OS MOVIMENTOS INDEPENDENTISTAS EM 1972 e 1973

(...) O ano de 1972 foi desvastador para a FNLA e o MPLA. Além das derrotas militares, ambos os movimentos viveram gravíssimas dissensões internas. A FNLA viu-se a braços com uma grave amotinação dos elementos do ELNA na base de Kinkuso, que obrigou as tropas do Zaire a intervir, e o MPLA foi confrontado com a Revolta do Leste encabeçada por Daniel Chipenda, em oposição a Agostinho Neto. Estes factos, que tiveram grande ressonância regional e um forte impacto na OUA, traziam em si o gérmen da dissolução e da derrota dos dois movimentos e foram em grande parte uma consequência da poderosa ofensiva portuguesa.

Perante a desorganização geral dos dois movimentos, a OUA, com a interferência de Mobutu, ainda os juntou e fez assinar a Acordo de Kinshasa de 13 de Dezembro de 1972. Mas como coligar dois movimentos que não o quiseram fazer durante onze anos, numa altura em que os dois partidos, derrotados no terreno, se desfaziam?

Contudo, a coligação preocupava os comandos militares portugueses uma vez que os dois partidos, com as forças remanescentes, seriam capazes de eleger um objectivo comum e investir nele com uma força poderosa. O acordo, porém, não teve consequências práticas, devido às fortes contradições. Criara-se o CSLA (Conselho Superior de Libertação de Angola) com o CMU (Comando Militar Unificado) e o CPA (Conselho Político Angolano), o que parecia uma solução acertada. Mas, quando se atribuiu o órgão militar ao MPLA, e o órgão político à FNLA sabendo-se que o MPLA tinha maior projecção internacional e a OUA tinha retirado o apoio ao GRAE e o concedera ao MPLA, toda a estrutura ficava sob a hegemonia deste movimento. Mobutu ainda tentou compensar esta discrepância não permitindo ao MPLA circular no território do Zaire mas o acordo nunca teve qualquer consequência militar em Angola.

A fraqueza dos movimentos independentistas no Leste está patente no cada vez mais reduzido número de acções que efectuaram no decorrer do ano de 1972 sobre as tropas portuguesas e as populações. O número de baixas que provocavam foi-se também reduzindo, tornando-se insignificante a partir do mês de Setembro.

A FNLA entrou em crise total e retirou o seu batalhão infiltrado, enquanto o MPLA, após o colapso dos seus esquadrões, ia recolhendo às suas bases na Zâmbia.

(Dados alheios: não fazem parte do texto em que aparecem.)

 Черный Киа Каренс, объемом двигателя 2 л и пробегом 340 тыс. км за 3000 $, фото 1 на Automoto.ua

A situação para os movimentos não melhorou no ano de 1973. As notícias referiam que o MPLA se encontrava em fase de reestruturação. Politicamente tinha criado o CNMR (Conselho Nacional do Movimento de Reajustamento) e a CPMR (Comissão Provisória do Movimento de Reajustamento), órgãos destinados à Frente Leste, por motivo da dissidência atribuída a Chipenda. No campo militar, pensava reorganizar os efectivos dos seus esquadrões desbaratados em cinco colunas, cada uma delas constituída por um comando e 5 esquadrões, apoiadas em CO (Centros Operacionais) com sede nas bases principais da Zâmbia.

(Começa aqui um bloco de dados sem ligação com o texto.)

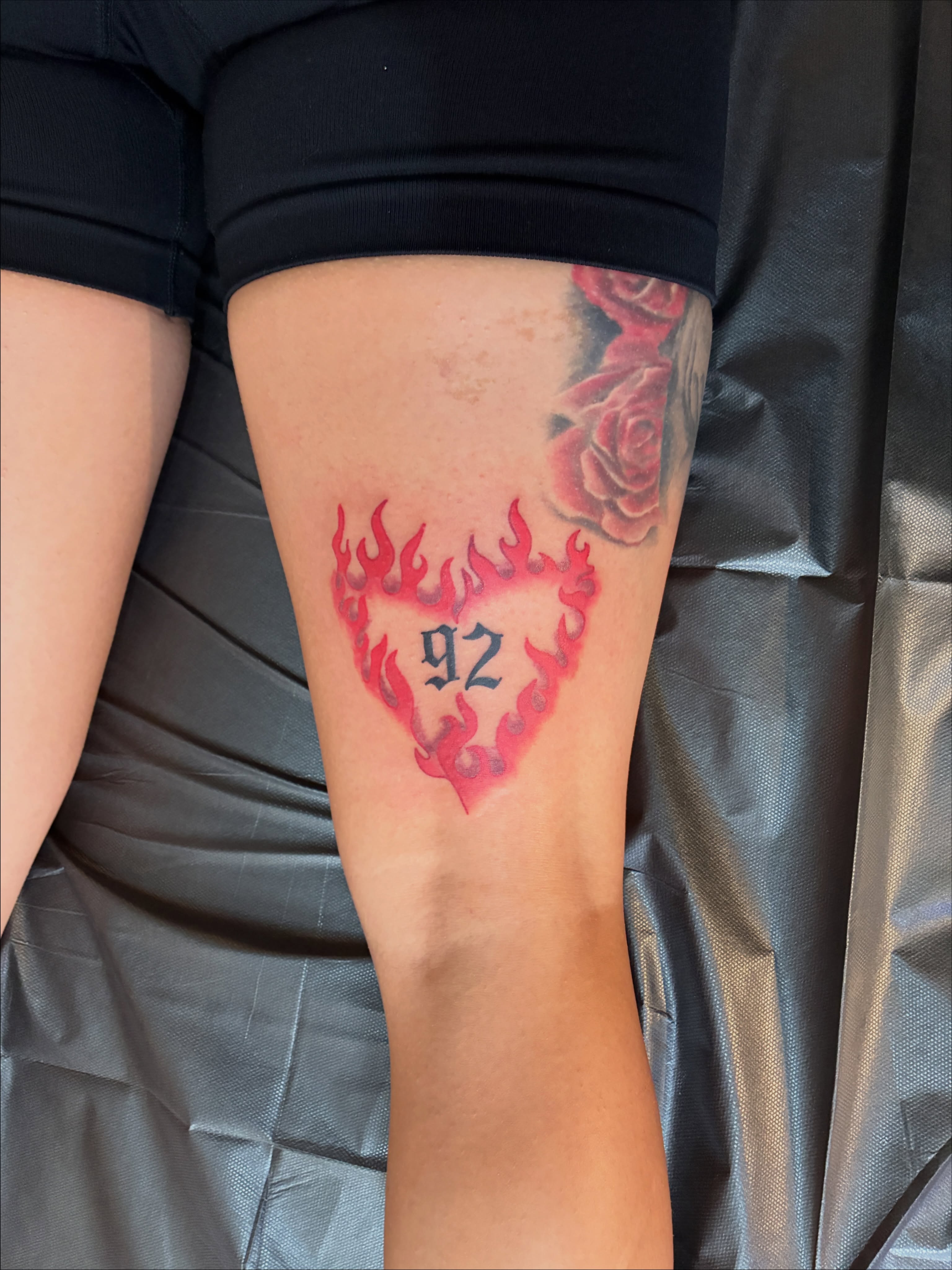 Flaming heart with '92 American traditional tattoo on the forearm by Seattle Tattoo Artist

De acordo com este conceito de manobra, completamente desarticulada do falido Acordo de Kinshasa, estas colunas teriam por missão atacar e destruir objectivos na faixa fronteiriça e criar condições para a progressão para o interior. Enviados a Angola alguns responsáveis dessas colunas para reuniram os efectivos e dar as directivas necessárias, acabaram por voltar à Zâmbia para locais inacessíveis ou passaram a viver em regime de normalização.

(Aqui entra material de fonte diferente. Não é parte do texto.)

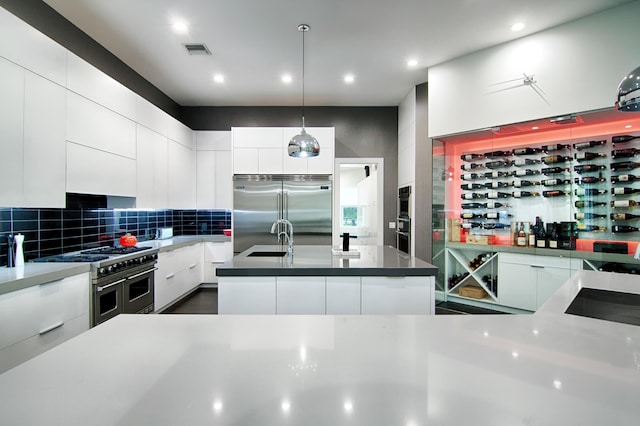 kitchen featuring premium appliances, white cabinetry, hanging light fixtures, and sink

Com a mudança do Comando da ZML, em meados de 1973, a actividade operacional não abrandou e continuou a dificultar a vida aos grupos que, por vezes, penetravam em Angola para acções curtas e muito violentas próximo da fronteira. Em Novembro de 1973 ainda montaram uma emboscada no itinerário Luvuei-Lutembo, causando 5 mortos e 32 feridos militares, dos quais 15 graves, mas eram já, não obstante o seu elevado potencial de fogo, acções ocasionais de fronteira, mas muito traiçoeiras, porque surpreendiam as tropas portuguesas confiantes e descontraídas. A UNITA, procurando tirar partido da quase ausência do MPLA e da.FNLA e prevendo que a sua situação teria de ser esclarecida, tentou sem êxito, em Outubro de 1973, ser reconhecida oficialmente pela ONU, no decurso da 22a sessão do Comité de Libertação, em Mogadíscio.